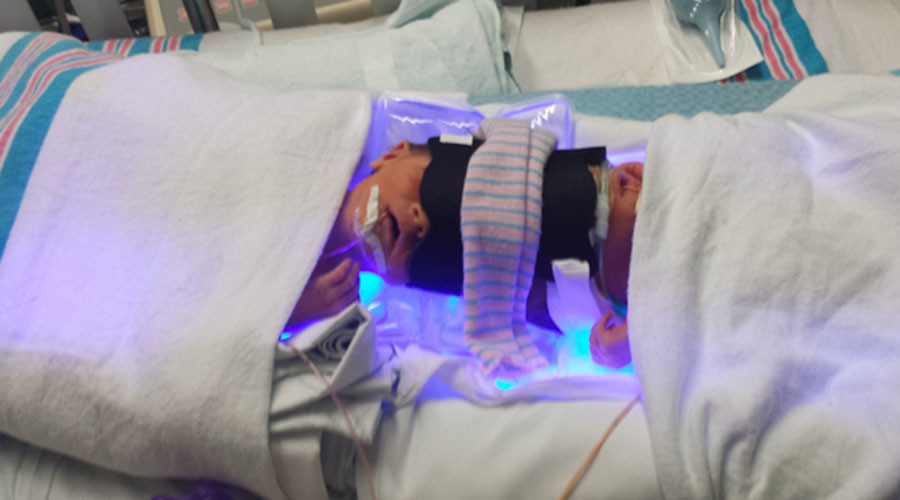 Twins conjoined at the head successfully separated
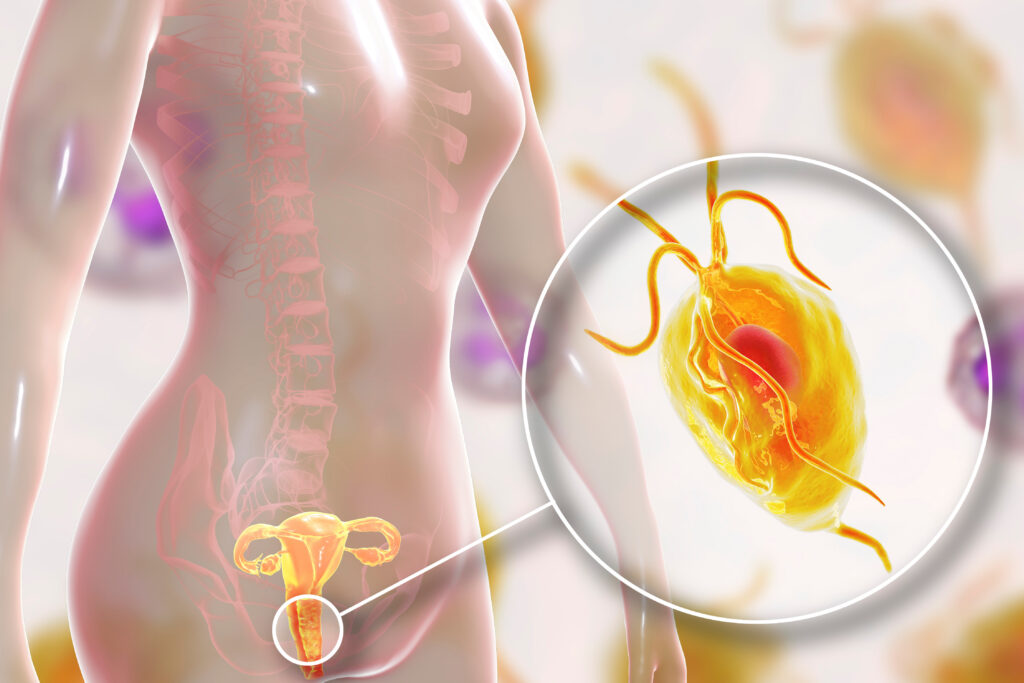 trichomoniasis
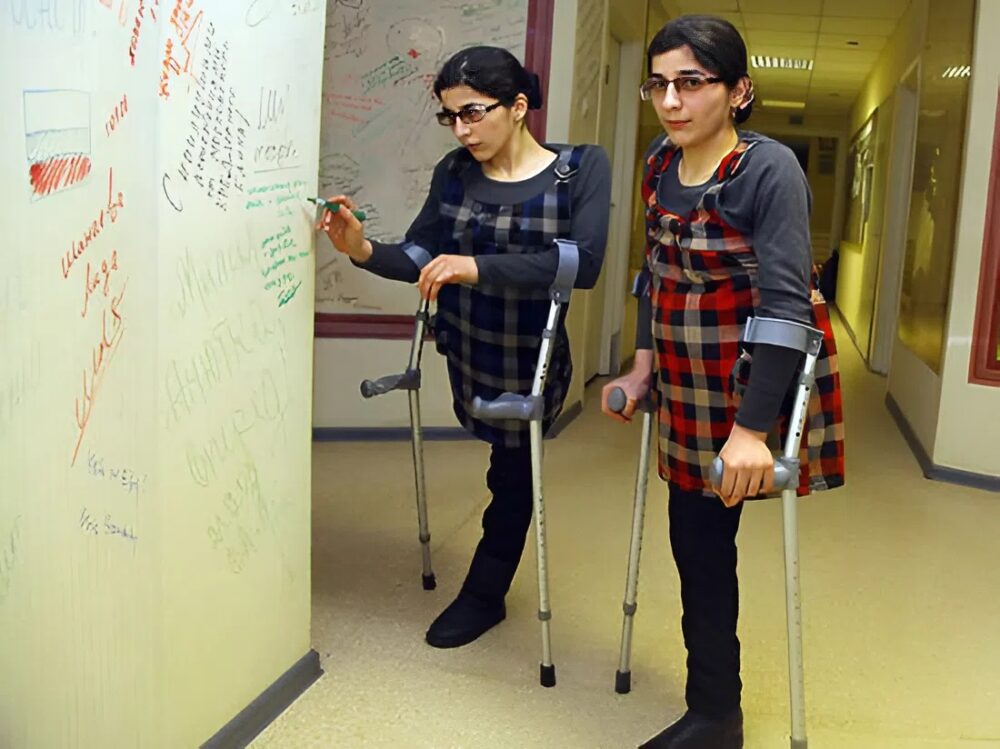 Zita and Gita Rezakhany: Their incredible journey after a risky separation at the age of 11, defying the impossible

YOUR GOAL: Since the pictures are not wanted, transcribe the rest of the listing above exactly.

RESPONSE AREA:
 Twins conjoined at the head successfully separated
 trichomoniasis
 Zita and Gita Rezakhany: Their incredible journey after a risky separation at the age of 11, defying the impossible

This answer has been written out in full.